Au moins aussi important est la lutte pour des meilleures salaires et conditions de travail, une augmentation du personnel infirmier ainsi que la réalisation des investissements très urgents dans les hôpitaux. Même si la détresse fiscale de quelques pays fédéraux causée par les réformes fiscales néolibérales est hors question, il n'est tout de même pas acceptable que les régions ne remplissent guère leurs responsabilités pour le maintien et l'extension du système de santé. Pour améliorer la situation financière des hôpitaux – de même que les soins ambulant – et réaliser un système de santé en ligne avec les besoins, couvrant tout le territoire et orienté vers la prévention, il faut finalement régler de nouveau le financement (et l'organisation) de services de santé.

Le fonds de santé envisagé pour 2009 n'éliminera certainement pas les fausses routes et les défaillances dans le systéme de santé allemand.
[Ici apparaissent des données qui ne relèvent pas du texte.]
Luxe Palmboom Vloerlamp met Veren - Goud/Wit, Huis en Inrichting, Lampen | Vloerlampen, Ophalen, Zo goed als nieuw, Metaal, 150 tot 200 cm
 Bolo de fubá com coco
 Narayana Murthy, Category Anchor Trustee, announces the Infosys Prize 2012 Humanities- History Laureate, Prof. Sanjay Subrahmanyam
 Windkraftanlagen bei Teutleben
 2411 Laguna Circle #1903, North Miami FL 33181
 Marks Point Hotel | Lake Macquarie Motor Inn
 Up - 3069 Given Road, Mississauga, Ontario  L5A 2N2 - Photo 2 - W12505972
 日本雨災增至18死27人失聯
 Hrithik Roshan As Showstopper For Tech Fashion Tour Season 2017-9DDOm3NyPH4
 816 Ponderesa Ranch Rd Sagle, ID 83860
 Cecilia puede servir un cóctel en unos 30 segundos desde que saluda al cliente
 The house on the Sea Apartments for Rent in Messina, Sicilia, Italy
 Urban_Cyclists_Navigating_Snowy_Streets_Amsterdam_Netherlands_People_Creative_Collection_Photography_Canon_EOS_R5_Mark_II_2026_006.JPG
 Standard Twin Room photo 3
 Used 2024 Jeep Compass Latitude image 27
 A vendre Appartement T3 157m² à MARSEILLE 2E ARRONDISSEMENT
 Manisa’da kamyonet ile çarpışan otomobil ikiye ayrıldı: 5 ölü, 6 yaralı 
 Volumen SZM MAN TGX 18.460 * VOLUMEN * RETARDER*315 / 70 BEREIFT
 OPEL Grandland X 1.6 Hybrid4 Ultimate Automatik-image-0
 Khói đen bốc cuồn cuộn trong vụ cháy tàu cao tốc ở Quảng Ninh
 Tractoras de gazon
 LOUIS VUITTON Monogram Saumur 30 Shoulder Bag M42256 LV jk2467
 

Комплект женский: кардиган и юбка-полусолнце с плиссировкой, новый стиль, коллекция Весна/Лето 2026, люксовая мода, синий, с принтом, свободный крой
Ainsi les plans du gouvernement fédéral prévoient que les caisses à l'avenir – dans la mesure où ils ne peuvent pas payer leurs coûts par les moyens du fonds – peuvent lever des contributions supplémentaires qui devront être payées uniquement par les assuré/es et non pas les entrepreneurs. Comme si les assuré/es ne portaient déjà pas assez de "suppléments" pour médicaments, examinations préventives, remplacement dentaire etc.! Le principe central de la politique de santé de gauche c'est que tous les services médicaux doivent être accesibles aussi aux gens à bas revenus. Pour cette raison, l'on ne devrait abolir non seulement la contribution asociale pour entrée au cabinet; aussi des services nécéssaires médicaux comme lunettes ou remplacement dentaire devront de nouveau être compensés par les caisses.

En ce qui concerne le côté du financement, il reste digne de critique que les assurances privées ne participent pas au financement du fonds de santé – pourtant précisément cela serait nécéssaire pour contrecarrer la tendance à la médicine à deux classes et pour être capable de résoudre finalement les problèmes de financement. Au lieu d'attiser artificiellement la compétition entre différentes assurances, des assurances privées devraient être éliminées complètement en perspective et une assurance citoyenne unique et solidaire devrait être introduite au financement de laquelle aussi bien les corporations que les riches personnes privées feraient une contribution appropriée.

Bien sûr, l'on ne pourra pas atteindre ces buts d'aujourd'hui à demain. Même un refus de privatisations ne serait possible que si nous réussissons à forger des alliances larges avec les employés, les syndicats et d'autres organisations sociales. Comme l'alliance d'action pour le sauvetage des hôpitaux a déjà démontrée, l'on pourra forcer pas mal de concessions par des protestations résolues et des mobilisations communes. Maintenant il faut étendre ces mobilisations, c'est à dire que les protestations contre les économies à casse-tout des hôpitaux devront être élargies par des manifestations tout aussi résolues contre les privatisations et les tendances de désolidarisation dans le système de la santé.

Jürgen Klute et Sahra Wagenknecht sont membres dans l'exécutif du Parti de Gauche et actifs dans le groupe de travail "Antiprivatisation".